Frances gets a job with Mr. Montague; he makes it clear that he wants more than a secretary, but she needs the work. When she tells Bliss that Montague wants her to do some work outside the office at night, Bliss disables Montague's car and has her hire him to take them to Montague's rendezvous. After confirming that Montague's intentions are not honourable, he takes Frances away. When his boss sacks him, he is unconcerned, but then the manager discharges mechanic Bill Bronson for standing up for him, so Bliss buys the company and orders that the manager be fired and replaced by Bill.

He persuades Frances to accept his marriage proposal. Then her mother arrives with terrible news: Frances's sister will die unless she is taken to a winter resort in Switzerland. In desperation, Frances decides to marry Masters for the money she needs. She moves without informing Bliss. He finally tracks her down and, after learning why she broke up with him, fixes everything and marries her himself.

==Cast==
- Cary Grant as Ernest Bliss
- Mary Brian as Frances Clayton
- Peter Gawthorne as Sir James Alroyd
- Henry Kendall as Lord Honiton
- Leon M. Lion as Dorrington
- John Turnbull as Masters
- Arthur Hardy as Crawley
- Iris Ashley as Clare
- Garry Marsh as The Buyer
- Andreas Malandrinos as Giuseppi
- Alfred Wellesley as Montague
- Marie Wright as Mrs. Heath
- Buena Bent as Mrs. Mott
- Charles Farrell as Scales
- Quinton McPherson as Clowes (as Quinton MacPherson)
- Hal Gordon as Bill Bronson

==Critical reception==
Variety thought it "a bit old-fashioned and present-day filmgoers may regard it as implausible. Coincidences are highly improbable, and the whole thing, despite excellent direction and acting, moves at a pace that demands a large measure of cutting before being offered to the general public... Cary Grant looks and acts the part with deft characterization. He secures laughs easily and apparently without effort. Mary Brian plays the role of the typist with a metallic harshness which would be more in keeping with the gold-digger. One expects more feminine softness and sympathy from such a role. Most of the other actors and actresses are adequate, and production details are very good".

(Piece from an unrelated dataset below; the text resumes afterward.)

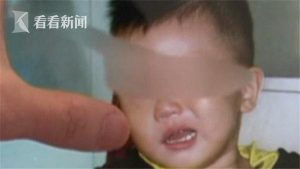 Bé trai 2 tuổi bị liệt mặt vì nằm điều hòa cả đêm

In his book British Popular Films 1929-1939: The Cinema of Reassurance, Stephen Shafer notes that the plot was intended to appeal to working-class filmgoers, as it gave over the message that their lives were more fulfilling than those of millionaires. Shafer writes:

Obviously, the thrust of The Amazing Quest of Ernest Bliss implied that the "earnest bliss", suggested by the pun in the title, which the protagonist sought could be obtained by hard work, generosity, and self-sacrifice, all concepts with which working-class individuals in real life might well be familiar. Clearly, Bliss's happiness was to be derived from people rather than money which had created his isolation as a millionaire and left him depressed. ... the subtle theme of the feature was that the ordinary moviegoer ought to be grateful in some respects for the simple pleasures in life which he could enjoy but which the wealthy ordinarily did not experience.